↓
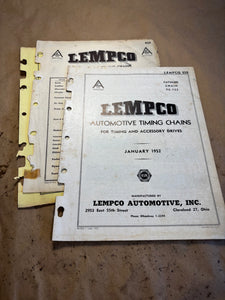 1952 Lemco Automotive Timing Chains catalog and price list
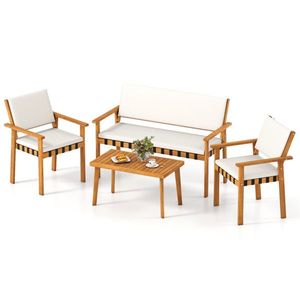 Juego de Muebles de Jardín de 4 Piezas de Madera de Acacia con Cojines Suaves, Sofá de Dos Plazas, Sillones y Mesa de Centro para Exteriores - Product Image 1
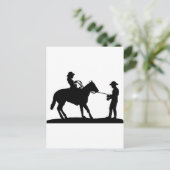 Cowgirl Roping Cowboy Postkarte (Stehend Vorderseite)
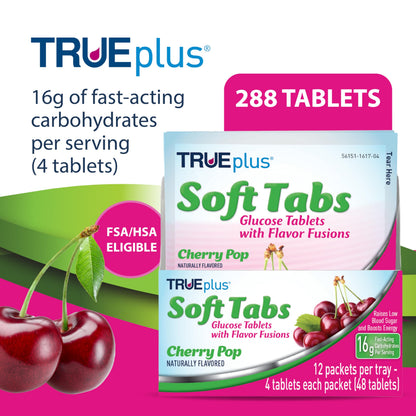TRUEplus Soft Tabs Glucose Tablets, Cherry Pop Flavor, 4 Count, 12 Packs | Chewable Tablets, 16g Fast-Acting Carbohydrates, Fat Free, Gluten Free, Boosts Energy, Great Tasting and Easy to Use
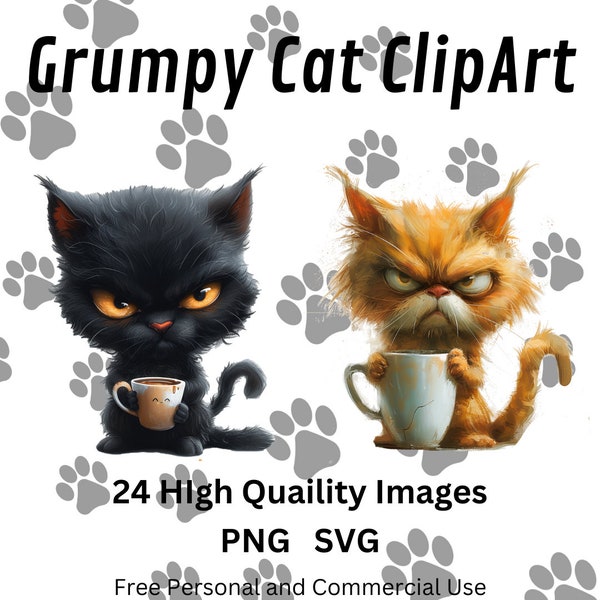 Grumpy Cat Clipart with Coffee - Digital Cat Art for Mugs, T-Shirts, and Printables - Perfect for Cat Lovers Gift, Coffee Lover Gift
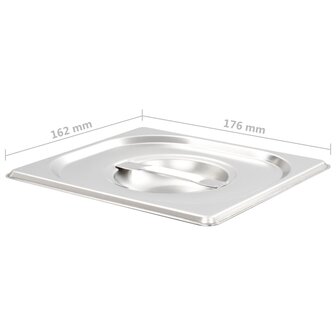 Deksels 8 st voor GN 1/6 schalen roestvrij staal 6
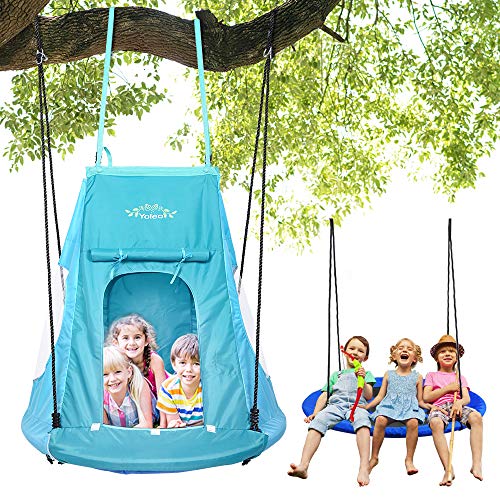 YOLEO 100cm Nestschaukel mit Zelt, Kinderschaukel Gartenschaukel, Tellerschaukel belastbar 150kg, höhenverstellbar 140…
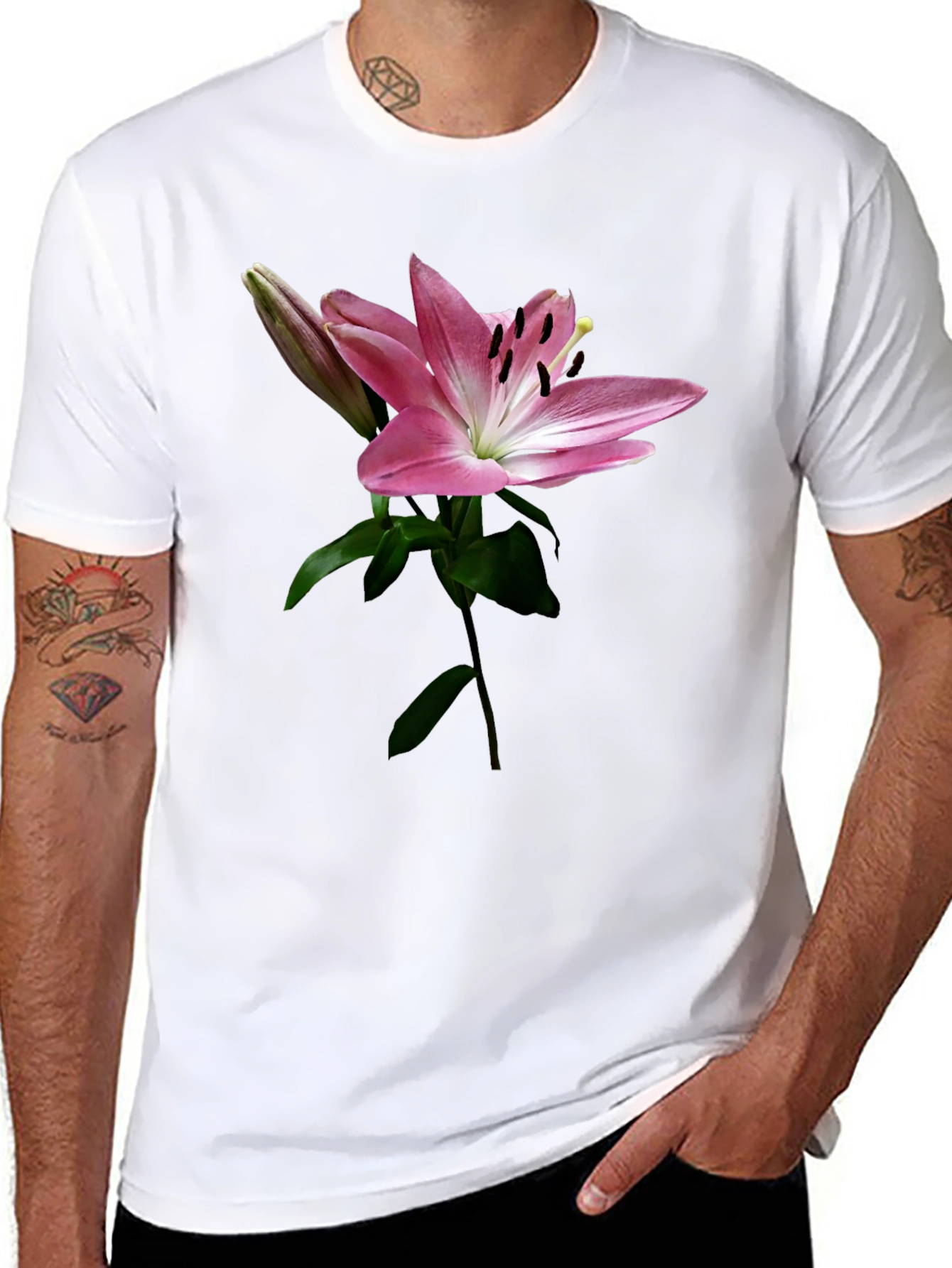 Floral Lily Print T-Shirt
↑
↓
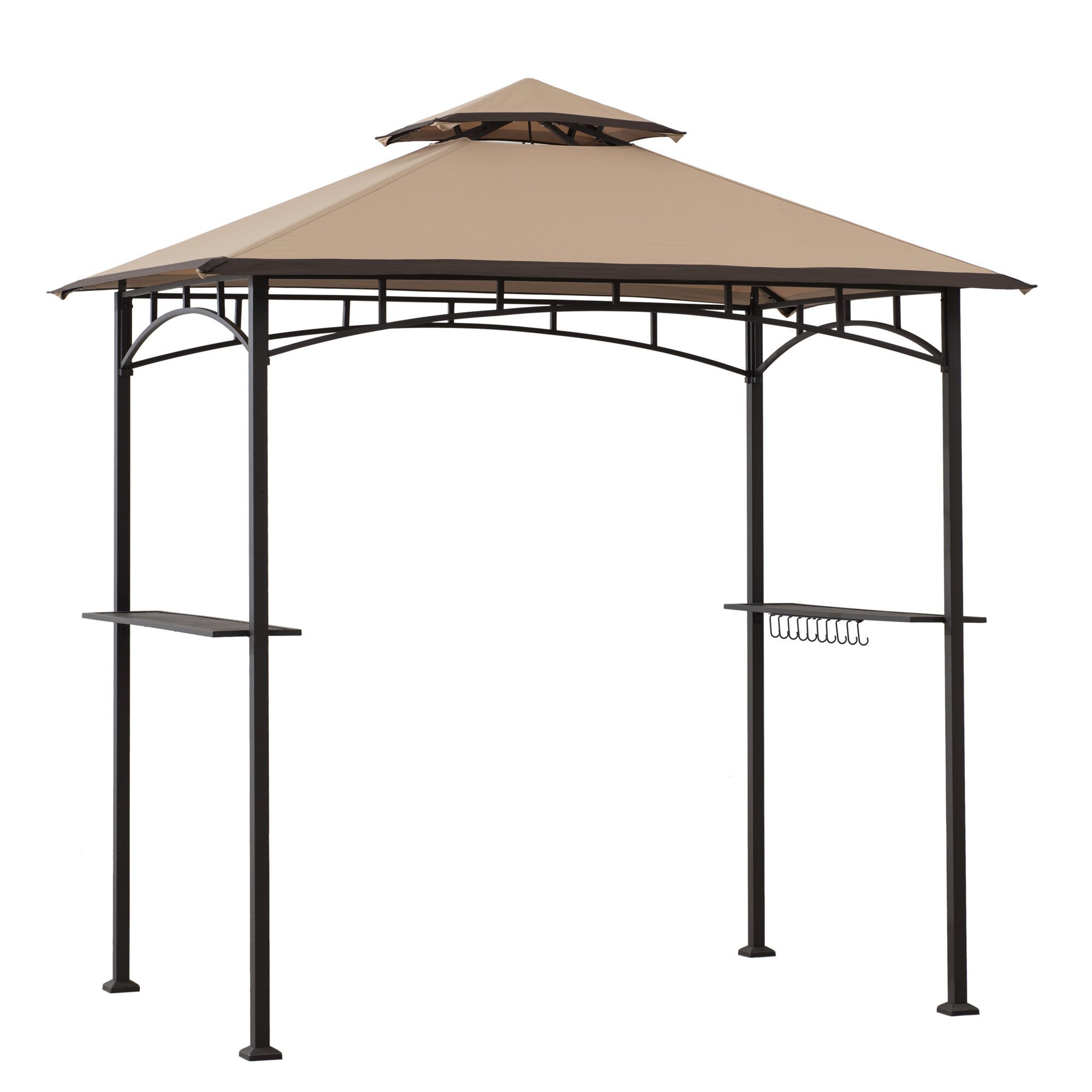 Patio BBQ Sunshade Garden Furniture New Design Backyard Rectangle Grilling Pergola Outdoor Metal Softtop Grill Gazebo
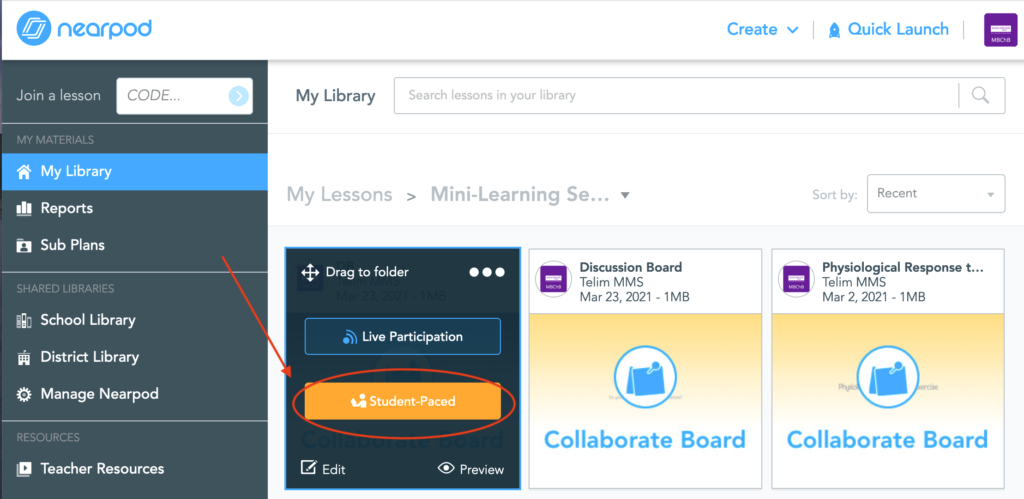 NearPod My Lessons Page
↑
↓
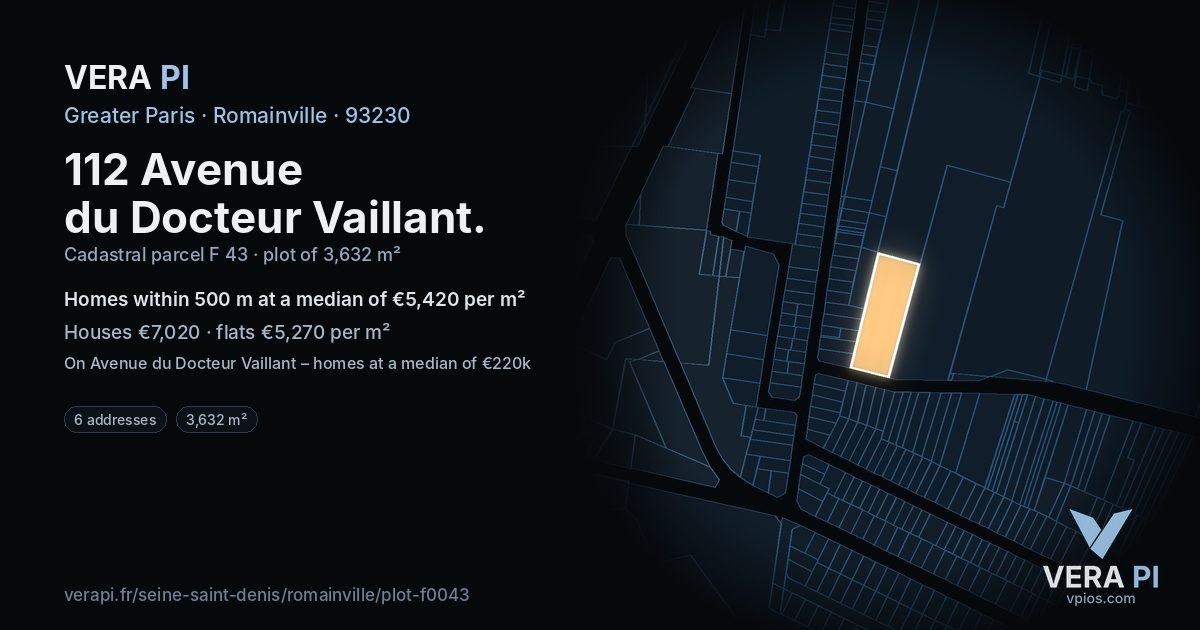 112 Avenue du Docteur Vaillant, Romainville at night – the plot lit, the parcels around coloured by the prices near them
↑
Exercise aim: Everything above from the line with "1952 Lemco Automotive" through the line with "YOLEO 100cm Nestschaukel" should be retyped exactly, and nothing else; omit pictures.

Exercise solution:
 1952 Lemco Automotive Timing Chains catalog and price list
 Juego de Muebles de Jardín de 4 Piezas de Madera de Acacia con Cojines Suaves, Sofá de Dos Plazas, Sillones y Mesa de Centro para Exteriores - Product Image 1
 Cowgirl Roping Cowboy Postkarte (Stehend Vorderseite)
TRUEplus Soft Tabs Glucose Tablets, Cherry Pop Flavor, 4 Count, 12 Packs | Chewable Tablets, 16g Fast-Acting Carbohydrates, Fat Free, Gluten Free, Boosts Energy, Great Tasting and Easy to Use
 Grumpy Cat Clipart with Coffee - Digital Cat Art for Mugs, T-Shirts, and Printables - Perfect for Cat Lovers Gift, Coffee Lover Gift
 Deksels 8 st voor GN 1/6 schalen roestvrij staal 6
 YOLEO 100cm Nestschaukel mit Zelt, Kinderschaukel Gartenschaukel, Tellerschaukel belastbar 150kg, höhenverstellbar 140…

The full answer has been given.